Venerdì 20 marzo | Teatro dei filodrammatici, Este
Un piccolo spettacolo
di Pier Paolo Giarolo
Italia 2006, 65 min.
FONDAMENTA DELLE CONVERTITE
di Penelope Bortoluzzi
documentario, Italia 2008
Sinossi
Un anno nel carcere
femminile di Venezia: la vita quotidiana nei corridoi e negli spazi comuni di
un ex-monastero affacciato sulla laguna. Detenute provenienti dal mondo intero,
i loro bambini e le agenti penitenziarie vivono in una promiscuità senza tregua,
destreggiandosi ciascuno a suo modo fra gerarchie, amicizie, giochi di ruolo e
di potere.
Note di regia
Dopo due anni di trattative, mi è stato concesso di filmare la prigione della mia città natale. Una tale durata delle riprese era indispensabile per cogliere le sfaccettature di un'istituzione ambigua e paradossale, un carcere "aperto". In bilico tra rituali stabiliti e anomalie, il quotidiano di questo microcosmo è spesso dinamico, vivace, in opposizione al peso della reclusione e della solitudine. Filmando, ho cercato di mostrare questa dicotomia e la complessità delle relazioni all'interno di una realtà così singolare.
Menzione speciale della giuria al Festival dei popoli
"Il film nasce per esplorare questa istituzione un po' particolare, che è un carcere molto più aperto rispetto algli altri. Ho voluto mostrare cosa rimane di un carcere quando le sue caratteristiche tipiche svaniscono. La sfida che mi sono posta era quella di voler mostrare l'istituzione con tutte le sue contraddizioni", ha commentato Penelope Bortoluzzi nell'incontro con il pubblico in sala avvenuto dopo la premiazione. Il documentario mostra, infatti, la vita quotidiana all'interno del carcere femminile di Venezia, dove la regista ha filmato per più di un anno le detenutene nei corridoi e negli spazi comuni senza mai violare la loro intimità e "privacy". "Ho voluto concentrare il mio lavoro sulla ripresa degli spazi comuni, che non fossero quelli del lavoro e delle celle. Queste ultime sono state l'unico divieto che mi hanno imposto nel filmare, che ho accetteto volentieri perchè ho potuto rispettare la privacy delle detenute che è già molto minata dal fatto che le celle sono camerate di 8-10 persone".

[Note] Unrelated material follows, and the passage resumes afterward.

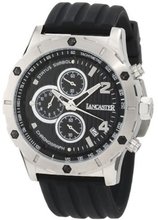 Lancaster OLA0371NR Chronograph Black Textured Dial Black Silicone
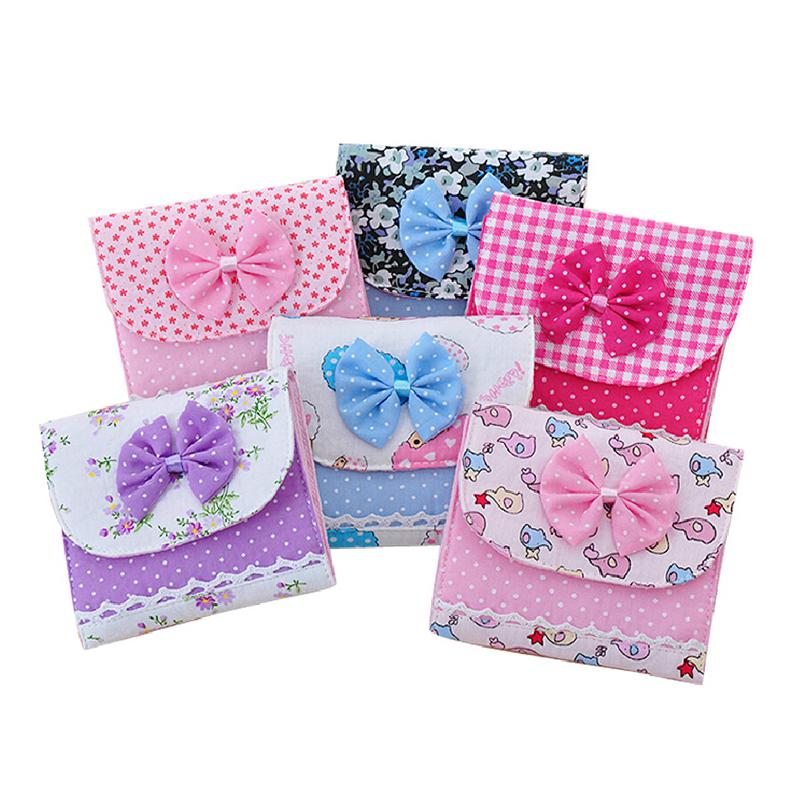 Sanitary Napkin Bag Cloth Menstrual Pads Menstrual Bowknot Cotton Sanitary Towel Napkin Pad Purse Holder Easy Bag Organizer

“…una giovane regista, Penelope Bortoluzzi ,veneziana, studi di letteratura e di musica, poi di cinema a Parigi dove realizza il suo primo cortometraggio, Coulisses, su un gruppo teatrale di attori sordomuti. Fondamenta delle convertite (col sostegno del Cnc francese) l'ha riportata a Venezia, visto che il luogo del titolo è il carcere femminile della città, un vecchio monastero sull'isola della Giudecca. Lì vivono insieme donne di molti paesi diversi, slave, africane, caraibiche ma anche italiane coi loro bambini che come le mamme ridono, piangono, soffrono questa condizione inconsapevole per chi come loro non conosce altro orizzonte che quello del carcere. La regista le ha filmate per un anno, conquistando un vicinanza che le porta nel film senza forzature (anche qui non ci sono interviste o soluzioni simili). Sono loro a decidere come e quando mostrarsi, in che modo «occupare» l'inquadratura, se sorridere o restare in silenzio, dalle prime sequenze nei lunghi corridoi, passi, chiavi che sbattono, i panni messi sugli stendini. Un movimento incessante durante il giorno, le donne chiacchierano, prendono il sole in cortile, stendono i vestiti al sole, giocano coi ragazzini. Di questo mondo, confuso e diviso al tempo stesso fanno parte anche le sorveglianti, a volte sembrano confondersi, scambiano battute con le detenute - «Guarda come è abbronzata e con che faccia, chissà che bagni ha fatto» ammicca maliziosa una detenuta alla sorvegliante che la sua vita privata non ne vuole parlare, lì'in carcere c'è solo quella pubblica. La ragazzina finge di parlare al telefono, con chi parli, le chiedono le donne, con l'avvocato? Il tempo scorre e sembra immoto, cieli rossi di tramonto sulla laguna, il tempo della prigione, dell'attesa e dell'incertezza che la regista filma con grande sensibilità. Un occhio vicino che non se ne fa però divorare.”